What are the lines, copied exactly, from the one containing "After treatment 3" through the final line of the material? Leave the pictures out.

- **SOURCE INFORMATION**
■ ■ ■ ■ ■
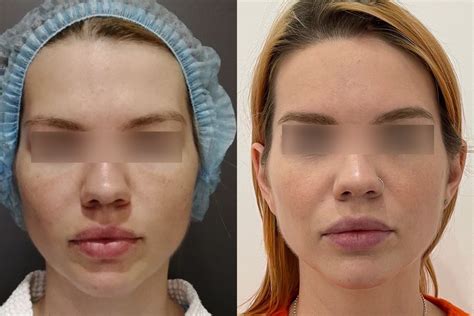 Нитевой лифтинг лица в Москве — VIP Clinic. Подтяжка лица без операции ...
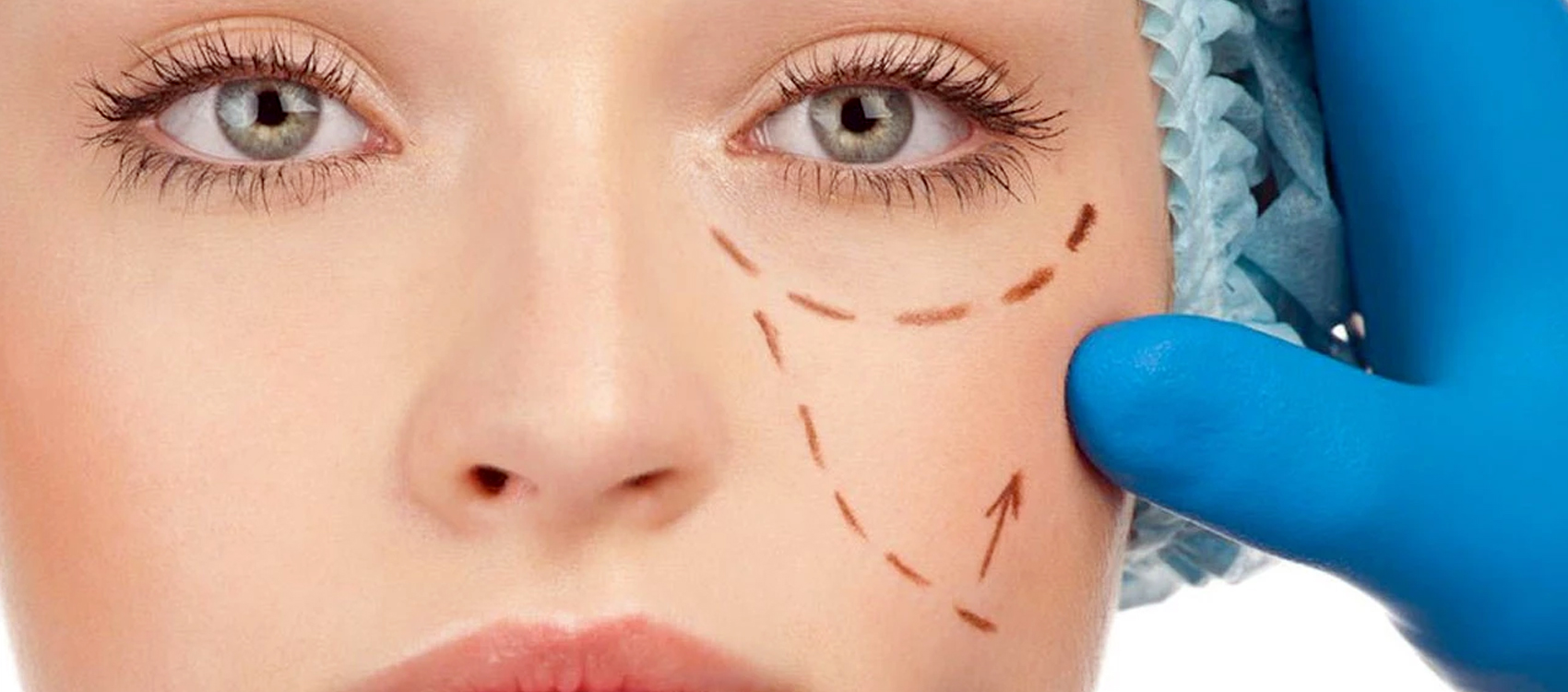 örümcek ağı uygulaması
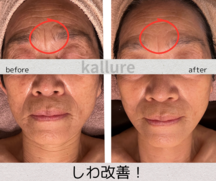 効果には個人差があります。
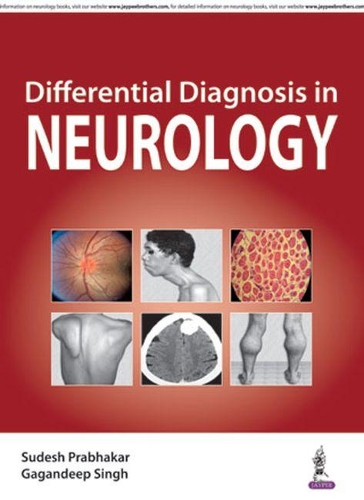 Бумажная книга «Differential Diagnosis in Neurology», авторов Гагандип Сингх, Судеш Прабхакар - фото №1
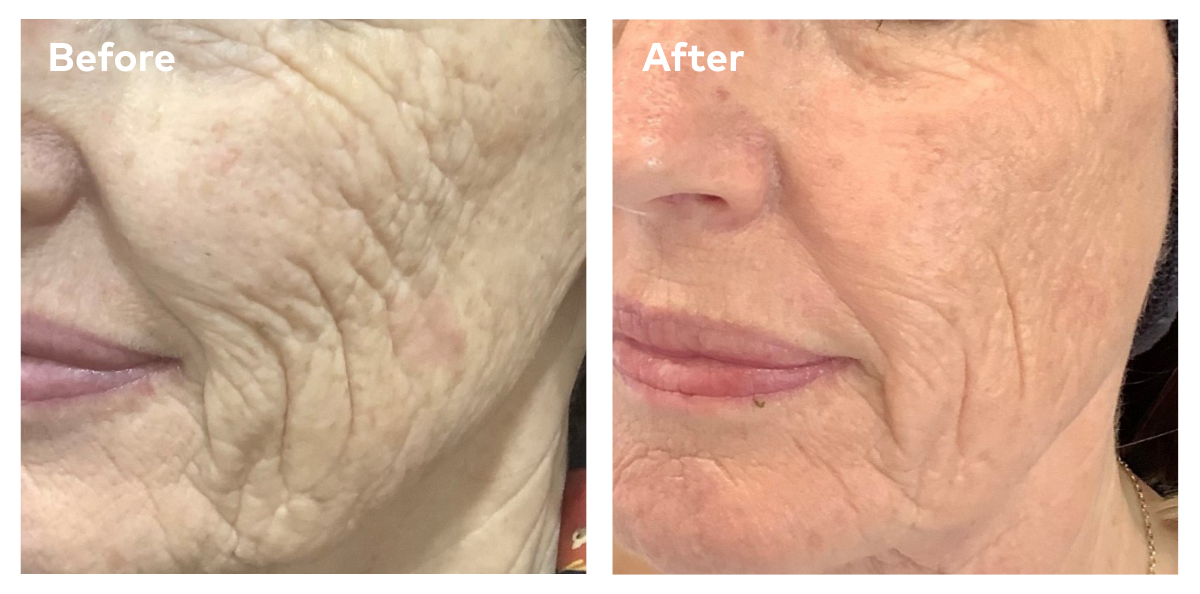 Caci Age Well before and after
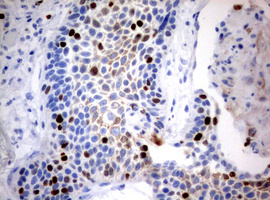 MKI67 / Ki67 Antibody - IHC of paraffin-embedded Carcinoma of Human lung tissue using anti-MKI67 mouse monoclonal antibody. (Heat-induced epitope retrieval by 10mM citric buffer, pH6.0, 120°C for 3min).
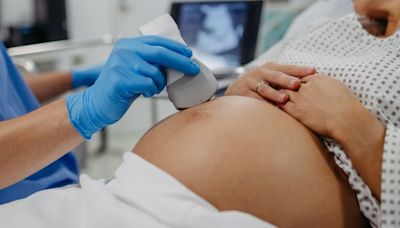 Serious maternal complications linked with use of marijuana before and early in pregnancy, study says
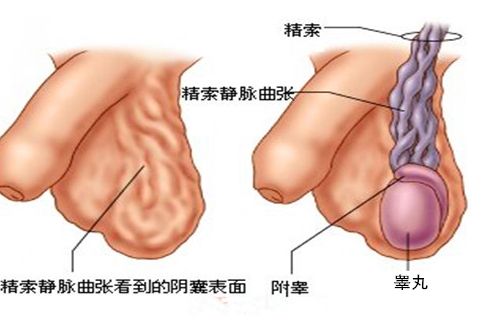 精索静脉曲张怎么治疗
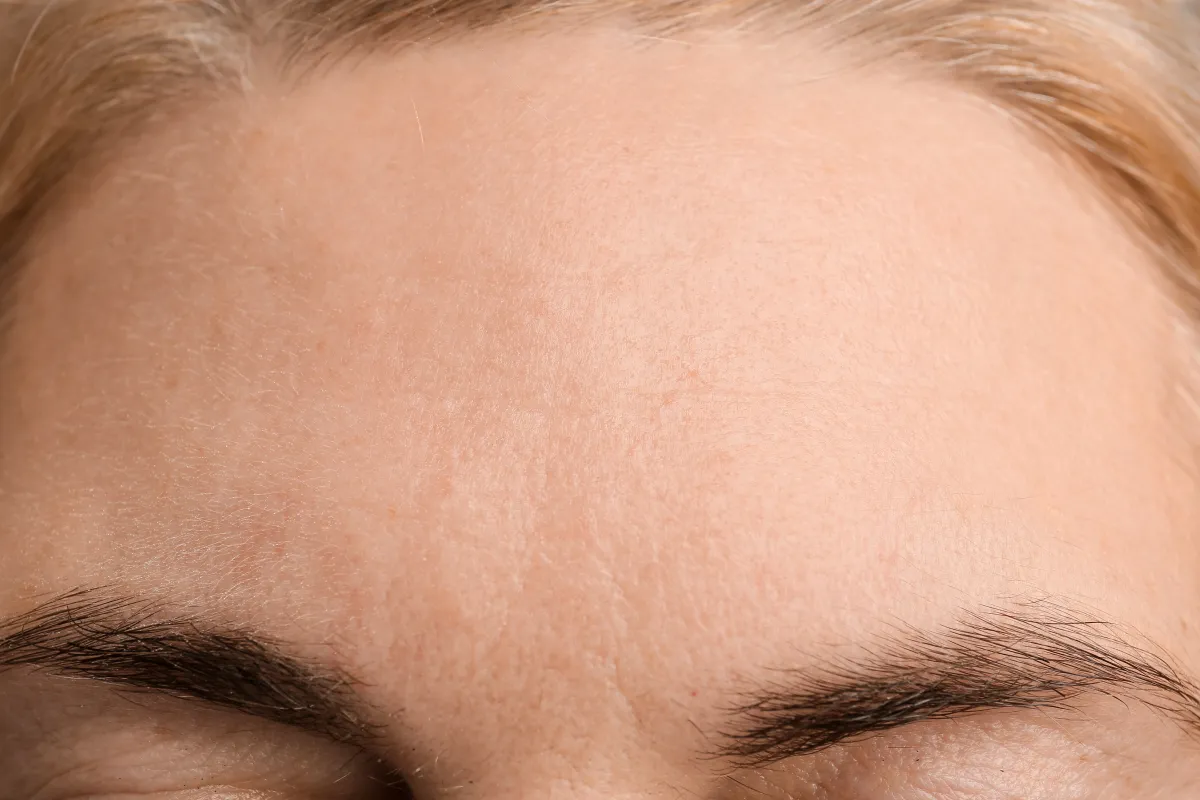 After treatment 3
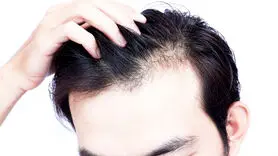 بیوتین به رشد مو کمک می‌کند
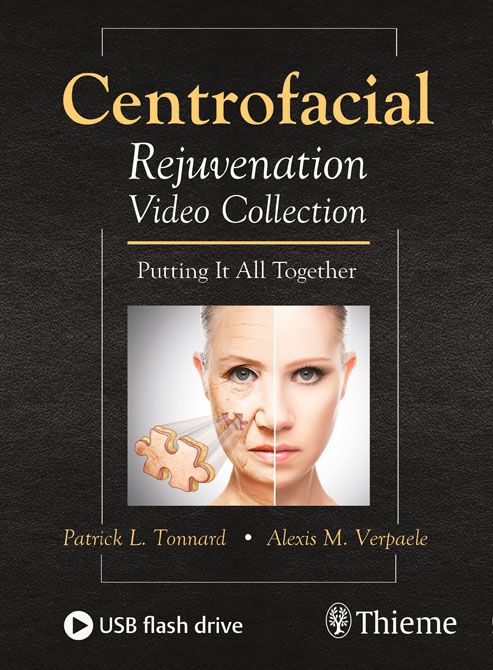 Centrofacial Rejuvenation Video Collection. DVD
■ ■ ■ ■ ■
- **ANSWER TO THIS EXERCISE**
 After treatment 3
 بیوتین به رشد مو کمک می‌کند
 Centrofacial Rejuvenation Video Collection. DVD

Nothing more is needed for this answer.